◆ **EXTRACTED INFORMATION**:
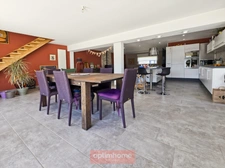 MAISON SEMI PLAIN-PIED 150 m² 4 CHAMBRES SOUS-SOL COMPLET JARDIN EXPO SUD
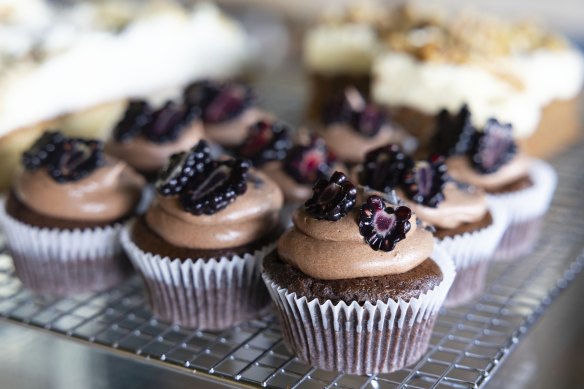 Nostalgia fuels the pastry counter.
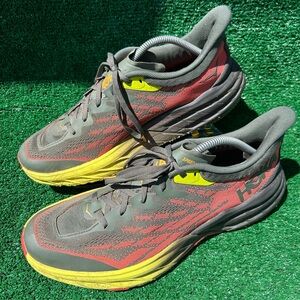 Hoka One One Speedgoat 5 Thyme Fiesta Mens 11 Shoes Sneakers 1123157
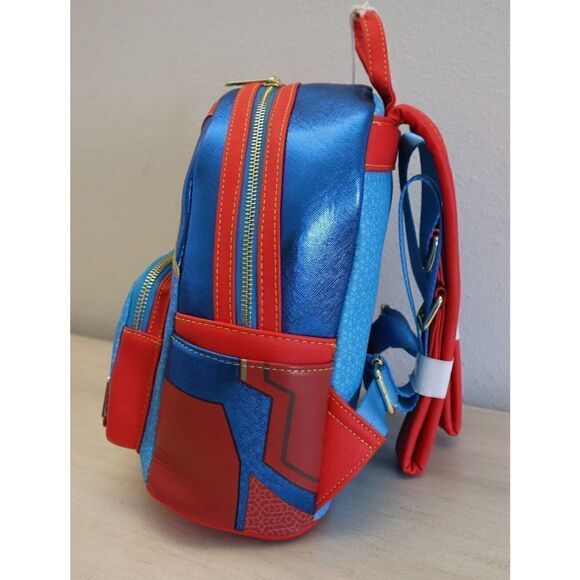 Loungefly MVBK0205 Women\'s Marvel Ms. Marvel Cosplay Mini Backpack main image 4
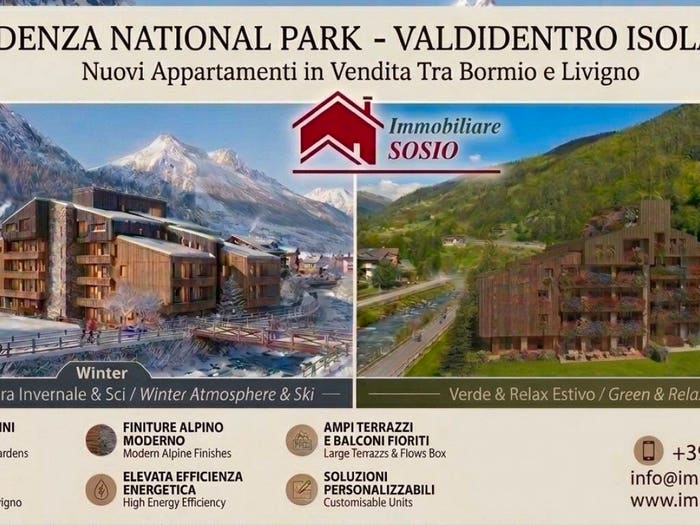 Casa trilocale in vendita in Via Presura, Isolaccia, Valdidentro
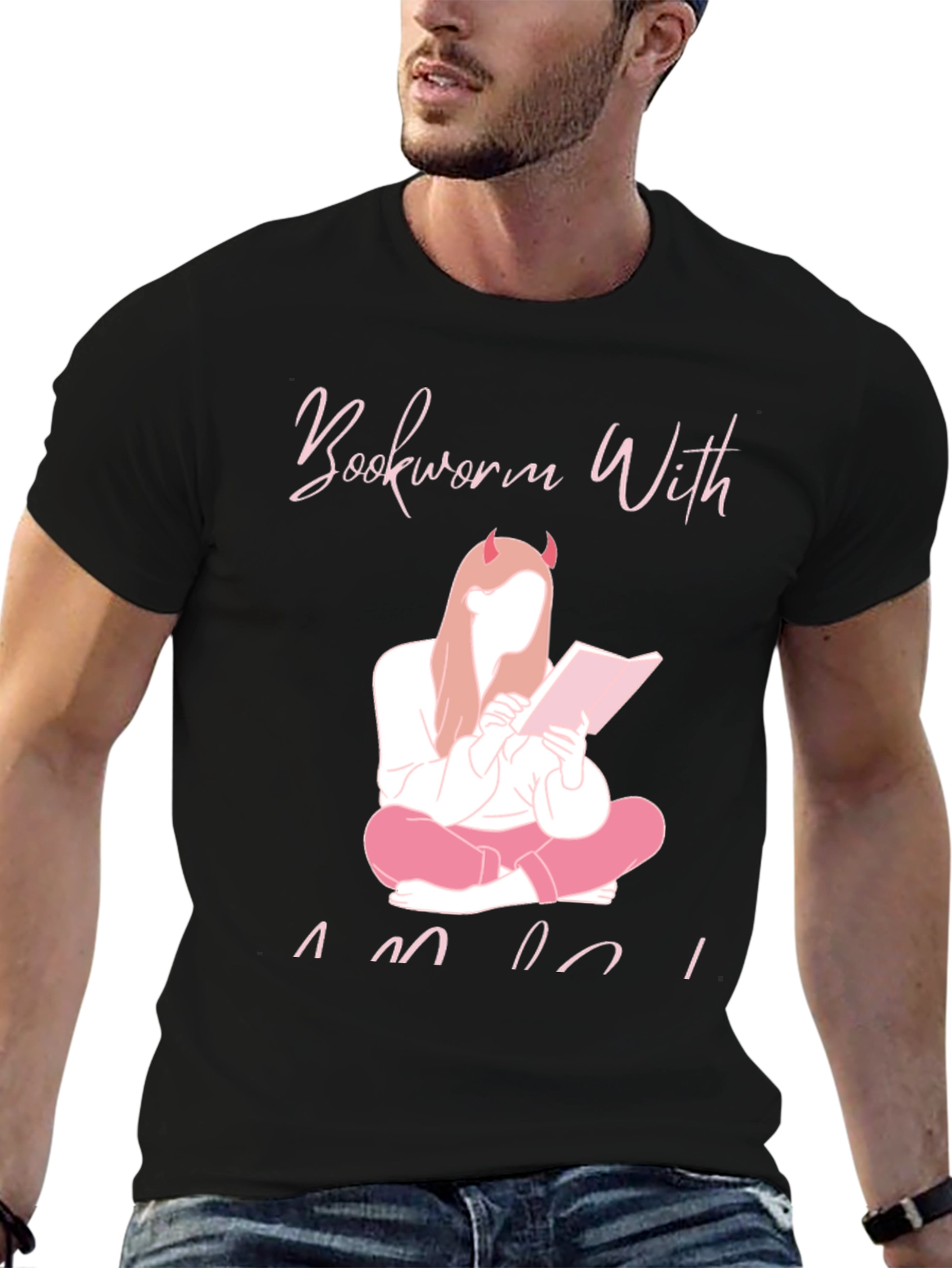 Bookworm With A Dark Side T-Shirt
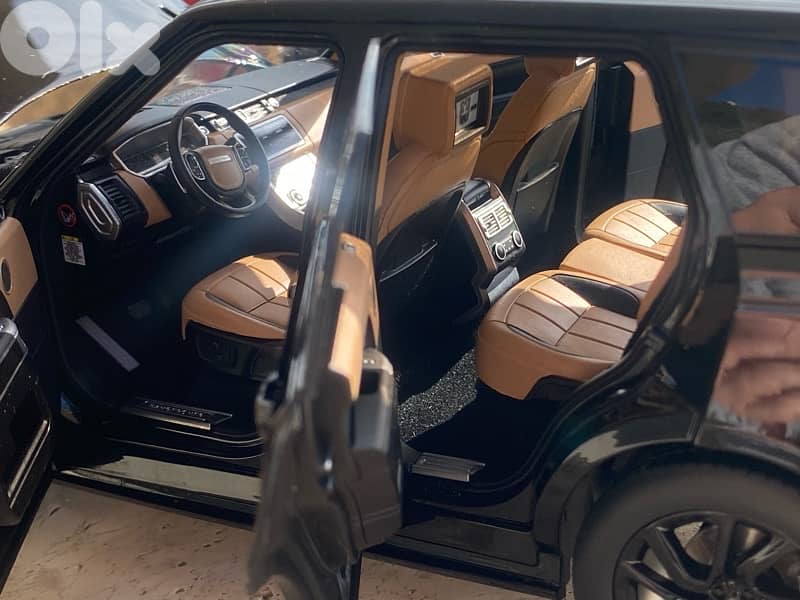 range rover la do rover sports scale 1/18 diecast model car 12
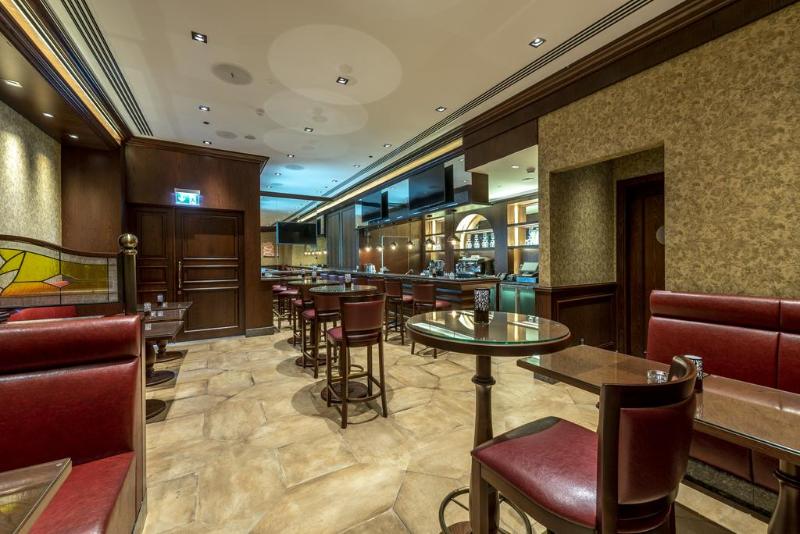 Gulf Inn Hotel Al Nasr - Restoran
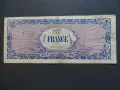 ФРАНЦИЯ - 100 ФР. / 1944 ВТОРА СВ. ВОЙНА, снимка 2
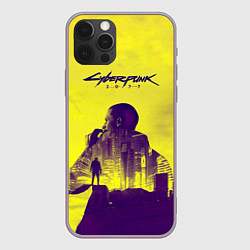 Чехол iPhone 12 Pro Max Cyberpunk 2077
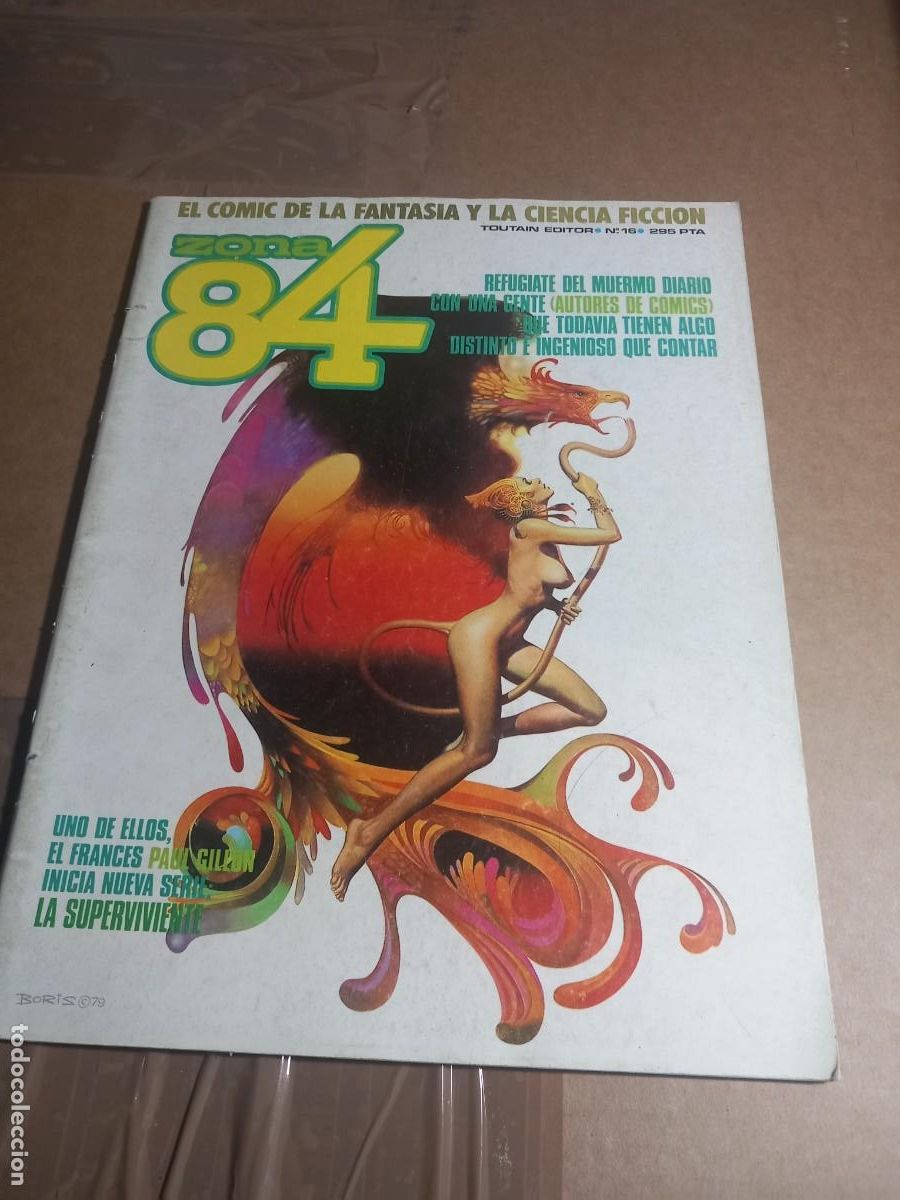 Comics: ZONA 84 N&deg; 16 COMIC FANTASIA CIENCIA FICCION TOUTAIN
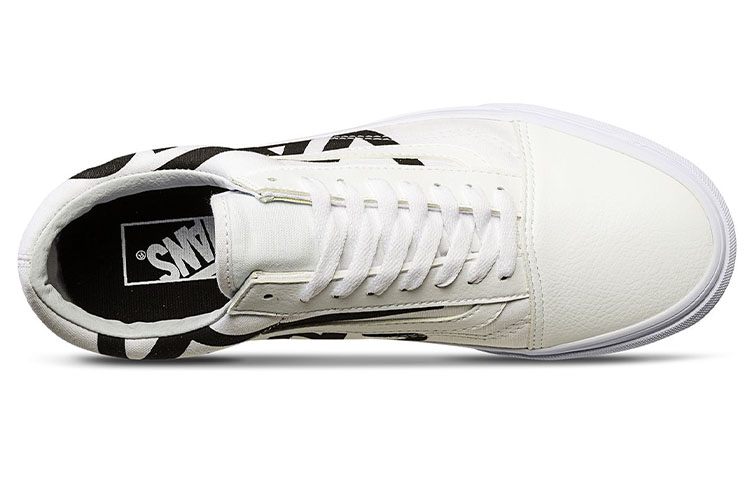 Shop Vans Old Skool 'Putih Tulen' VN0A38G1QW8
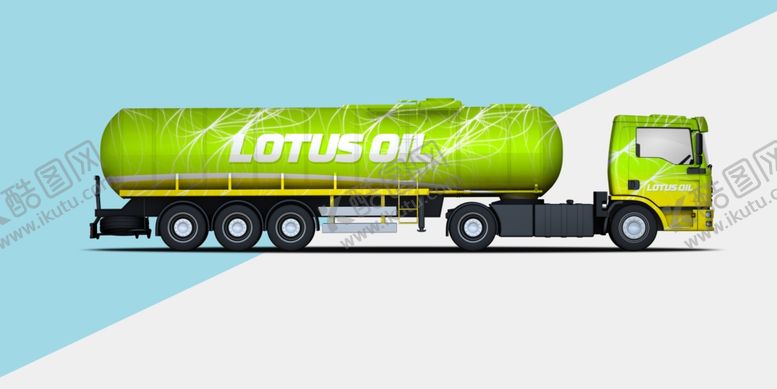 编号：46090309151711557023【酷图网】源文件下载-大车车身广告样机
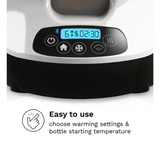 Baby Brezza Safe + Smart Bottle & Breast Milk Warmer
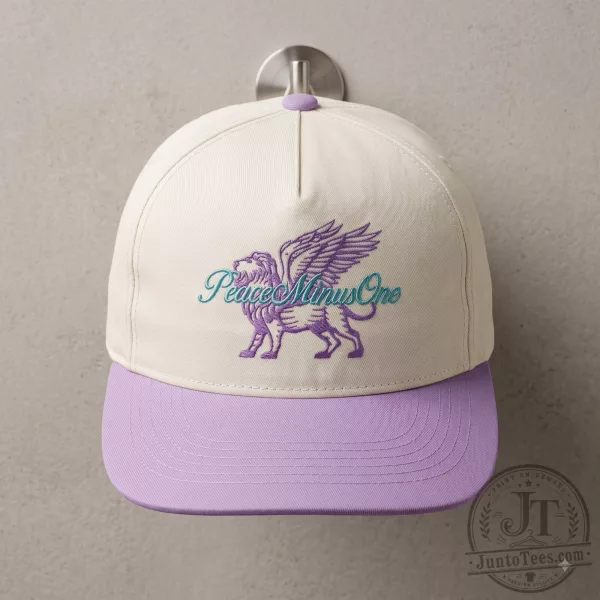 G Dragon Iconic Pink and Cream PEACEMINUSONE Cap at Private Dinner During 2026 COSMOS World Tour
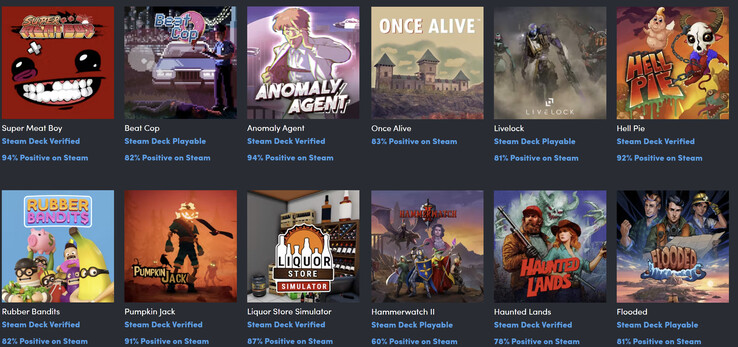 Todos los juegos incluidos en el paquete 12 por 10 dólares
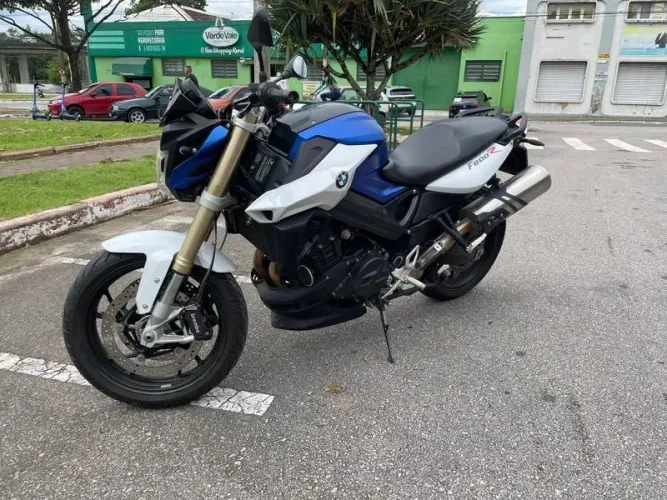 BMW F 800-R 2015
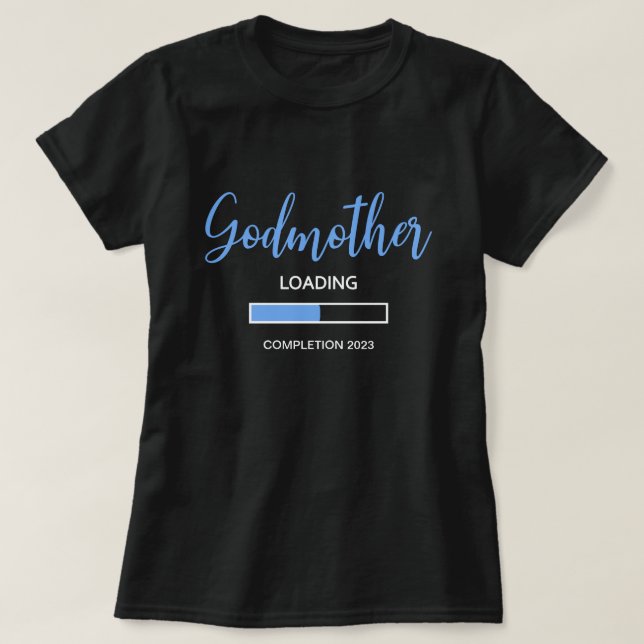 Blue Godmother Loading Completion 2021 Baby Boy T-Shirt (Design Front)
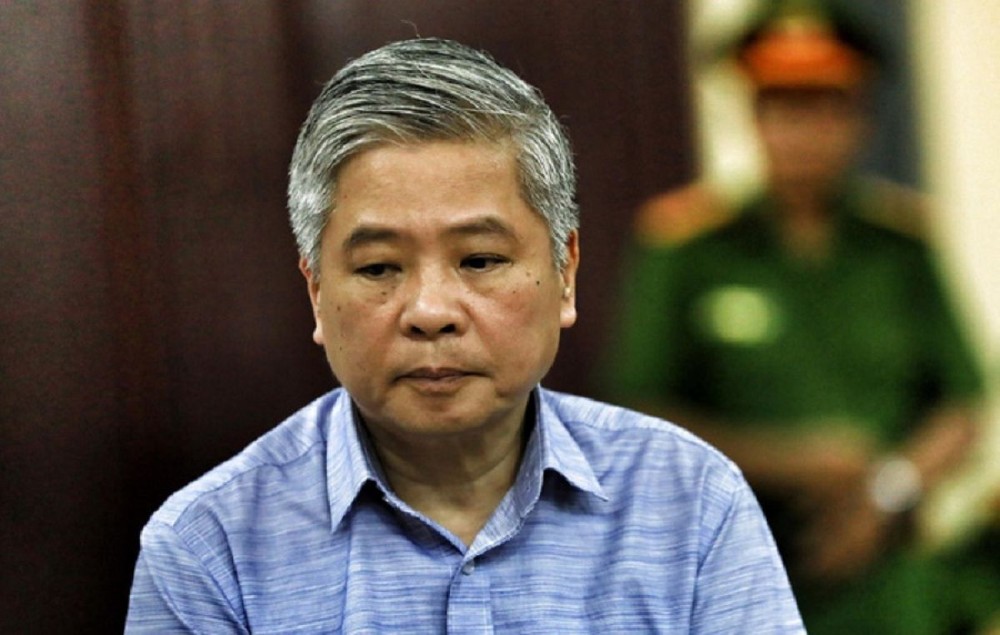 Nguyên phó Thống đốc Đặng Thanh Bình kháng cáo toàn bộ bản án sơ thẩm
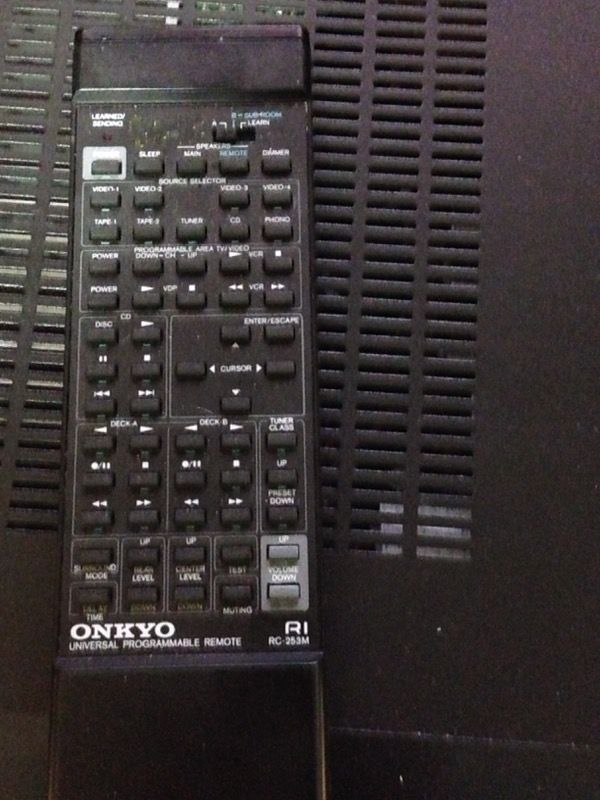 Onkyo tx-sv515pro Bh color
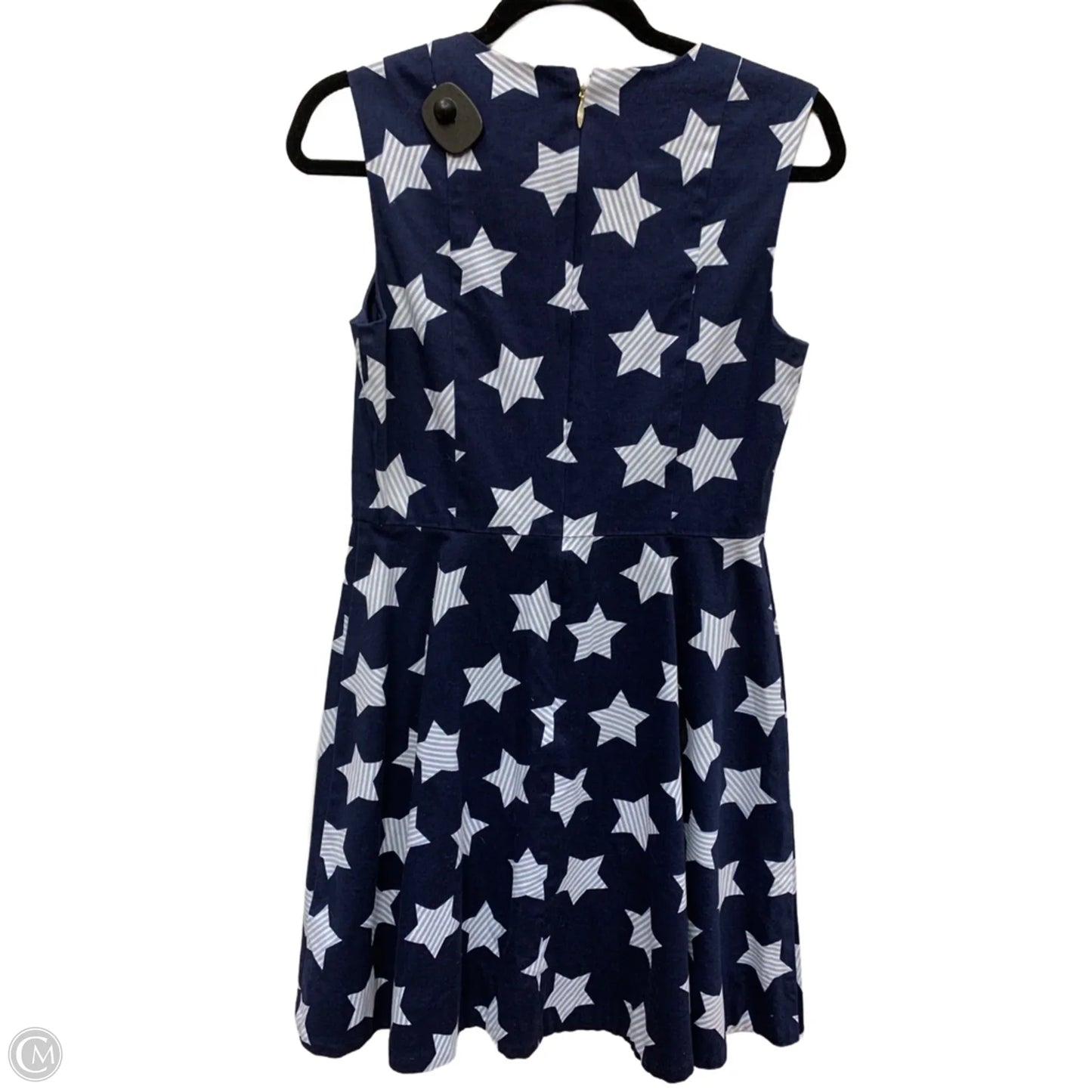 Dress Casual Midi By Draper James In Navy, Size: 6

◆ **WORK REQUEST**: Omit the pictures. Transcribe word for word the lines from the one containing "Чехол iPhone 12 Pro Max Cyberpunk 2077" through the end of the listing, inclusive.

◆ **RESPONSE BELOW**:
 Чехол iPhone 12 Pro Max Cyberpunk 2077
 Comics: ZONA 84 N&deg; 16 COMIC FANTASIA CIENCIA FICCION TOUTAIN
 Shop Vans Old Skool 'Putih Tulen' VN0A38G1QW8
 编号：46090309151711557023【酷图网】源文件下载-大车车身广告样机
 Baby Brezza Safe + Smart Bottle & Breast Milk Warmer
 G Dragon Iconic Pink and Cream PEACEMINUSONE Cap at Private Dinner During 2026 COSMOS World Tour
 Todos los juegos incluidos en el paquete 12 por 10 dólares
 BMW F 800-R 2015
 Blue Godmother Loading Completion 2021 Baby Boy T-Shirt (Design Front)
 Nguyên phó Thống đốc Đặng Thanh Bình kháng cáo toàn bộ bản án sơ thẩm
 Onkyo tx-sv515pro Bh color
 Dress Casual Midi By Draper James In Navy, Size: 6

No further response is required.